The LCM is based on the formulation of the LPM (Sect. lagrangian particle model). For the LCM, however, the Lagrangian particles are representing droplets and aerosols. The droplet advection and sedimentation is given by the Eqs. for dup,i / dt and τp-1 in Sect. formulation of the LPM with ρp,0 = ρl,0. At present it is computationally not feasible to simulate a realistic amount of particles. A single Lagrangian particle thus represents an ensemble of identical particles (i.e., same radius, velocity, mass of solute aerosol) and is referred to as "super-droplet". The number of particles in this ensemble is referred to as the "weighting factor". For example, ql of a certain LES grid volume results from all Lagrangian particles located therein considering their individual weighting factor An:

\begin{align*}
q_\mathrm{l} = \frac{4/3\,\pi
    \rho_{\mathrm{l},0}}{\rho_0\Delta
    V}\,\sum\limits_{n=1}^{N_\mathrm{p}} A_n r_n^3,
\end{align*}

with Np being the number of particles inside the grid volume of size ΔV, and rn being the radius of the particle. The concept of weighting factors and super-droplets in combination with LES has been also used similarly by Andrejczuk et al. (2208) and Shima et al. (2009) for warm clouds, as well as by Sölch and Kärcher (2010) for ice clouds.

Diffusional growth

The growth of a particle by diffusion of water vapor, i.e., condensation and evaporation, is described by

\begin{align*}
  r \frac{\mathrm{d}r}{\mathrm{d}t} = \frac{f_\mathrm{v}}{F_\mathrm{D} + F_\mathrm{k}}
  \left(S - S_{\text{eq}} \right),
\end{align*}

with the coefficients

\begin{align*}
   F_\mathrm{D} =\frac{R_\mathrm{v}T}{K_\mathrm{v}p_\text{v,
      s}(T)}\,\rho_{\mathrm{l},0}~\text{and~}\,F_\mathrm{k} =
  \left(\frac{L_\mathrm{V}}{R_\mathrm{v} T}-1\right)
  \frac{L_\mathrm{V}}{\lambda_\mathrm{h},T}\,\rho_{\mathrm{l},0},
\end{align*}

depending primarily on the diffusion of water vapor in air and heat conductivity of air, respectively. fv is the ventilation factor, which accounts for the increased diffusion of water vapor, particularly the accelerated evaporation of large drops precipitating from a cloud (e.g., Pruppacher and Klett, 1997, Chap. 13.2.3):

\begin{align*}
  & f_\mathrm{v} = \begin{cases}
    1 + 0.09 \cdot {Re}_\mathrm{p} & \text{for~} \quad {Re}_\mathrm{p} < 2.5,\\
    0.78 + 0.28 \cdot\,{Re}_\mathrm{p}^{0.5} & \text{otherwise}.
  \end{cases}
\end{align*}

Here, Rep is particle Reynolds number.

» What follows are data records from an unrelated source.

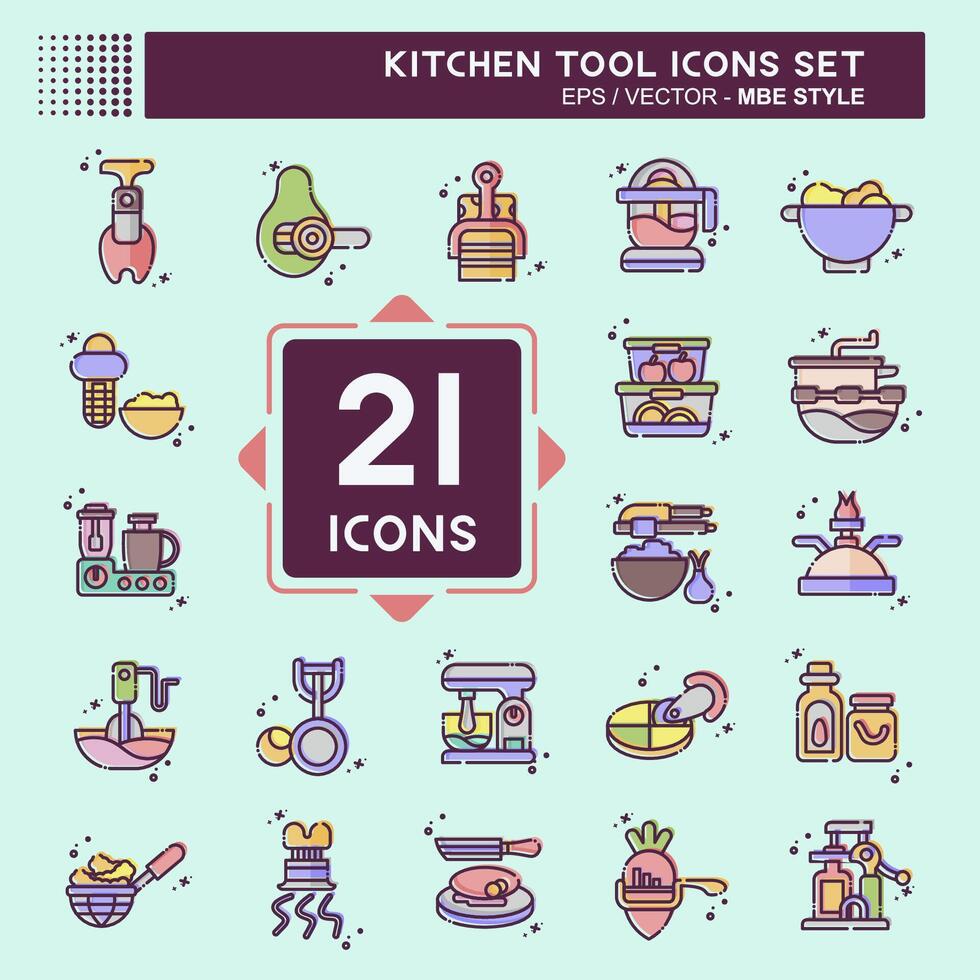 Icon Set Kitchen Tool. related to Food symbol. MBE style. simple design illustration vector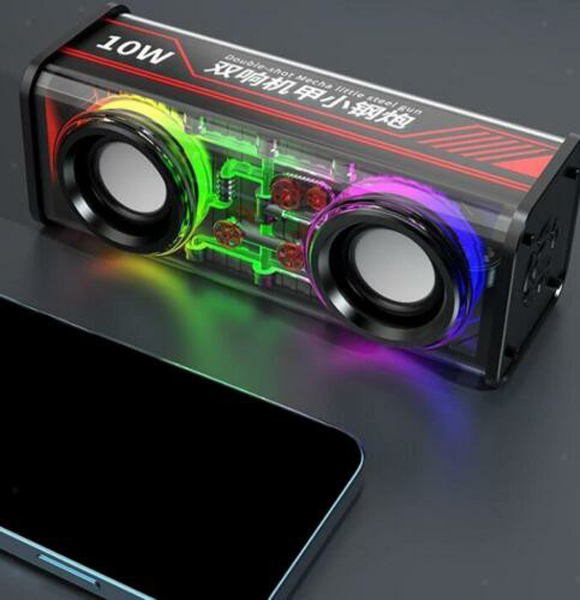 V8 Transparent RGB Light Bluetooth 5.0 Portable Wireless Speaker (DS)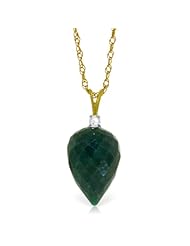 14K Gold Genuine Diamond & Pointy Briolette Natural Emerald Pendant Necklace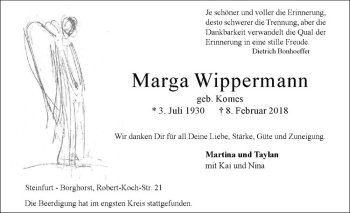 Anzeige von Marga Wippermann von Westfälische Nachrichten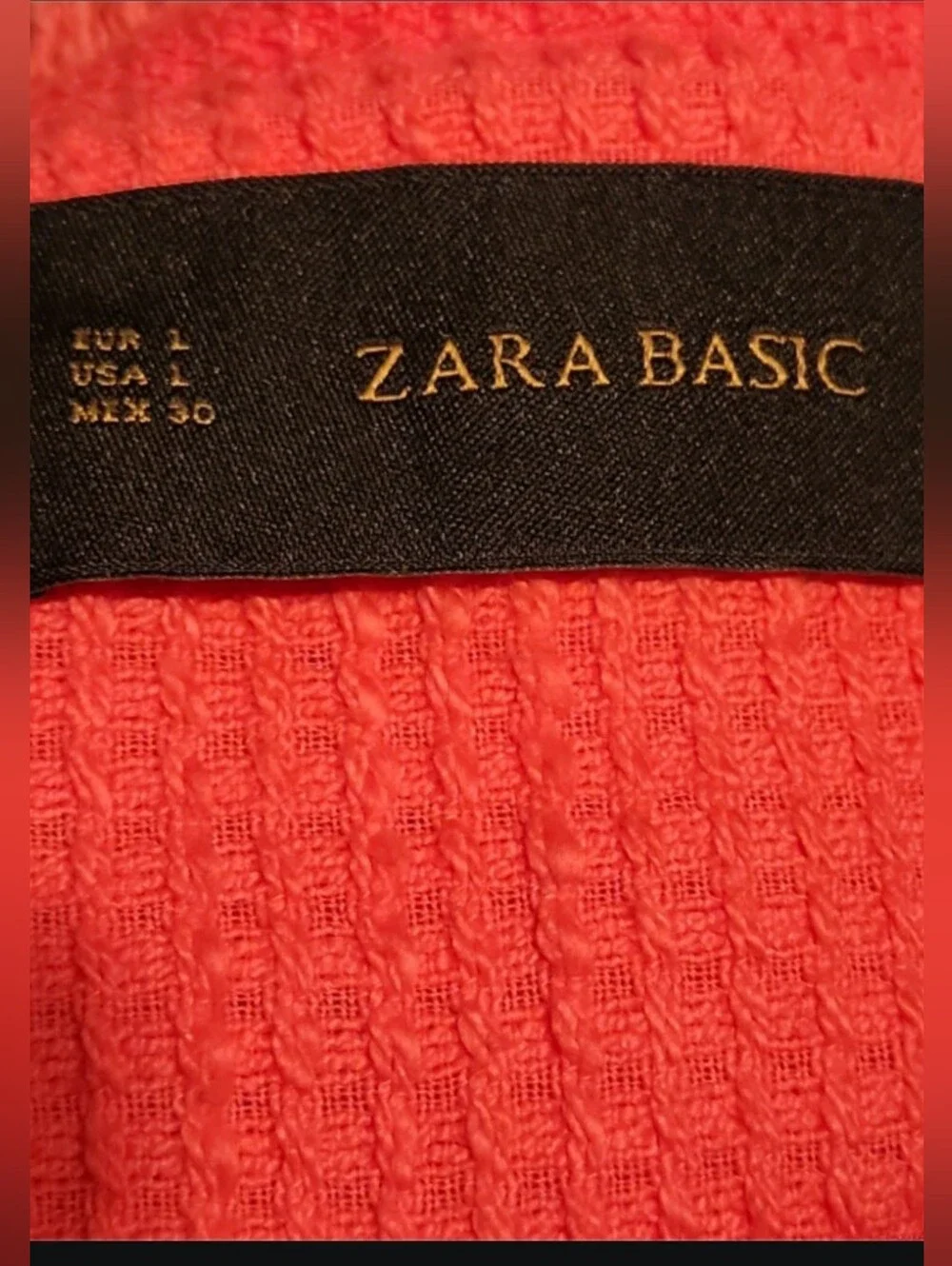 Zara Basic Tweed Frayed Edge Cropped Jacket/Blazer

The relative water supersaturation S is computed from the LES values of θ and qv, tri-linearly interpolated to the particle's position. The equilibrium saturation term Seq considers the impact of surface tension as well as the physical and chemical properties of the solute aerosol on the equilibrium saturation of the droplet. In order to take into account these effects, the optional activation model for fully soluble aerosols must be switched on:

\begin{align*}
  S_{\text{eq}} =
  \begin{cases}
    0 &\text{without activation},\\
    A_{\text{eq}} r^{-1} - B_{\text{eq}} r^{-3} &\text{with activation},
  \end{cases}
\end{align*}

with coefficients for surface tension

\begin{align*}
  & A_{\text{eq}}=\frac{2
    \vartheta}{\rho_{\mathrm{l},0}\,R_\mathrm{v}\,T},
\end{align*}

and physical and chemical properties

\begin{align*}
  B_{\text{eq}}=\frac{F_{\text{vH}}\,m_\mathrm{s}\,M_\mathrm{l}}{\frac{4}{3}\,\pi\,\rho_{\mathrm{l},0}\,M_\mathrm{s}}.
\end{align*}

Here, ϑ is the temperature-dependent surface tension, and Ml = 18.01528 g mol-1 the molecular mass of water. Depending on the simulation setup (e.g., continental or maritime conditions), the physical and chemical properties of the aerosol, its mass ms, molecular mass Ms, and the van't Hoff factor FvH, indicating the degree of the solute aerosol's dissociation, are prescribed. As discussed by Hoffmann et al. (2015), the aerosol mass (or equivalently aerosol radius) can be specified by an additional particle feature allowing the initialization of aerosol mass distributions, i.e., varying aerosol masses among the simulated particle ensemble.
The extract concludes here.